Le jour de l’An, je déjeune chez mes cousins Érard. C’est une habitude d’ici que la visite soit longue, que l’on arrive pour midi, que l’on reste pour les autres heures, que l’on dîne avec les reliefs du déjeuner, que l’on rentre à la nuit. François devait visiter un de ses domaines ; l’hiver est rigoureux ; les routes couvertes de neige. Parti vers cinq heures, nous l’attendions pour le dîner, mais il était huit heures et il ne se montrait pas.

— Il aura été retenu, dis-je. Il couchera à la ferme.

— Mais non, il sait que je l’attends, répondit Hélène. Depuis que nous sommes mariés, il ne s’est jamais absenté une nuit sans me prévenir. Mettons-nous à table ; il ne tardera pas.

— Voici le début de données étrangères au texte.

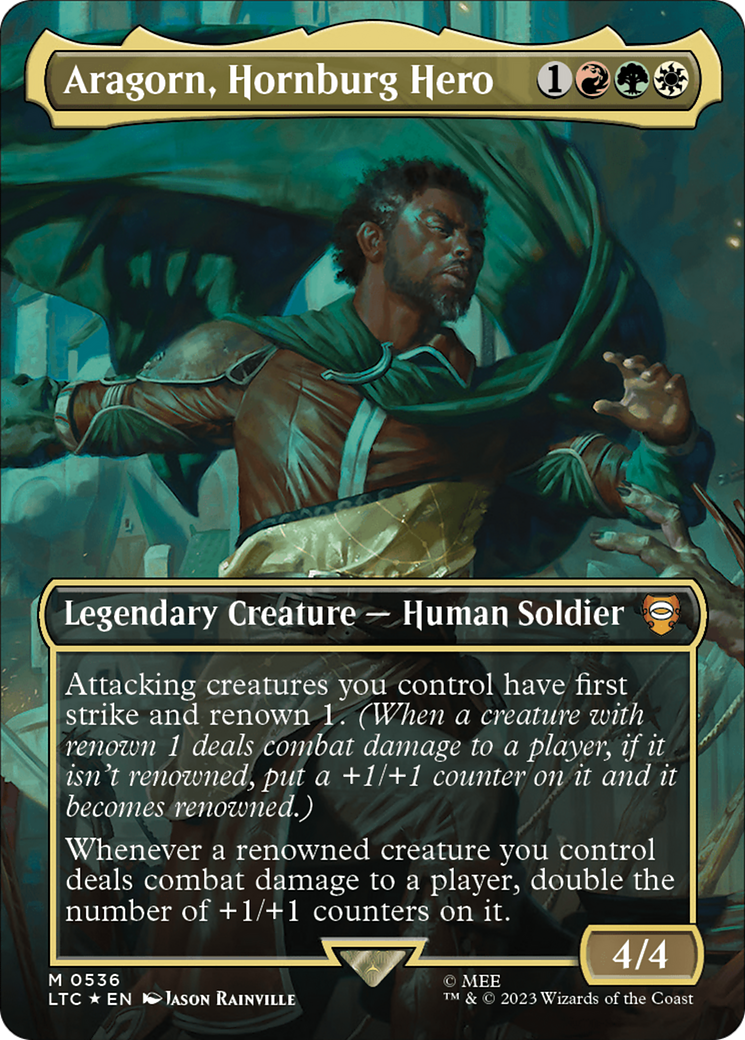 Aragorn, Hornburg Hero (Borderless) (Surge Foil) [The Lord of the Rings: Tales of Middle-Earth Commander] | Nerdhalla Games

Les trois garçons étaient absents, invités chez leur sœur, au Moulin-Neuf, où ils coucheraient. Depuis longtemps je ne m’étais trouvé seul ainsi avec Hélène. Nous parlions du temps et des récoltes, seuls sujets de conversation ici ; rien ne troubla notre repas. Cette province a vraiment quelque chose de retiré et de sauvage, d’opulent et de méfiant qui rappelle les époques anciennes. La table de la salle à manger paraissait trop grande pour nos deux couverts. Tout brillait ; tout avait un air de propreté et de calme, les meubles de chêne, le parquet luisant, les assiettes à fleurs, le buffet vaste à la panse arrondie comme on n’en voit plus que chez nous, l’horloge, les ornements de cuivre du foyer, la suspension et ce guichet de chêne sculpté qui communique avec la cuisine et par lequel on passe les plats. Quelle ménagère que ma cousine Hélène ! Comme elle s’entend aux confitures, aux conserves, à la pâtisserie ! Comme elle soigne son poulailler et son jardin ! Je m’informai si elle avait pu sauver les douze petits lapins dont la mère avait crevé et qu’elle a nourris au biberon.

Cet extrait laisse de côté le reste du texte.